Hoy paso por delante de lo que fue Altazor convertida ahora en una tienda de ropa y recuerdo algunas visitas memorables como la de hace ya unos cuantos años en la que el dueño me insistió en que leyera a James Salter.
-Te tienes que llevar “Quemar los días” me dijo dándome un librito de tapas amarillas con una determinación que impedía cualquier posible resistencia.
-No conozco a James Salter y me da un poco de pereza.
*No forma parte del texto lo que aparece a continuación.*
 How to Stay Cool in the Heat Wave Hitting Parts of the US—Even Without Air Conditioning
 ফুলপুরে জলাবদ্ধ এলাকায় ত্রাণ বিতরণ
Y entonces casi con furia y desentendiéndose de una madre y su hija que esperaban pacientes para su propia consulta, se desató en tromba:
-Un escritor atípico, formado en la disciplina de West Point, fue piloto de combate con las fuerzas aéreas norteamericanas antes de dejar el ejército y dedicarse a escribir. Pocas veces vas a encontrar páginas tan apasionadas sobre el arte de volar jugándose las pelotas. Te lo digo porque acabo de leerlo otra vez. Salter escribe crudo, sin adornos y te lleva sin respiro de un lugar a otro, de la guerra a Hollywood, de París a Shanghai, de Robert Redford a Shaw, hasta que te sorprendes leyendo con la boca abierta.
Y yo como veía que la señora y su hija se impacientaban, saqué sin más tardanza la tarjeta de crédito y me llevé aquel libro.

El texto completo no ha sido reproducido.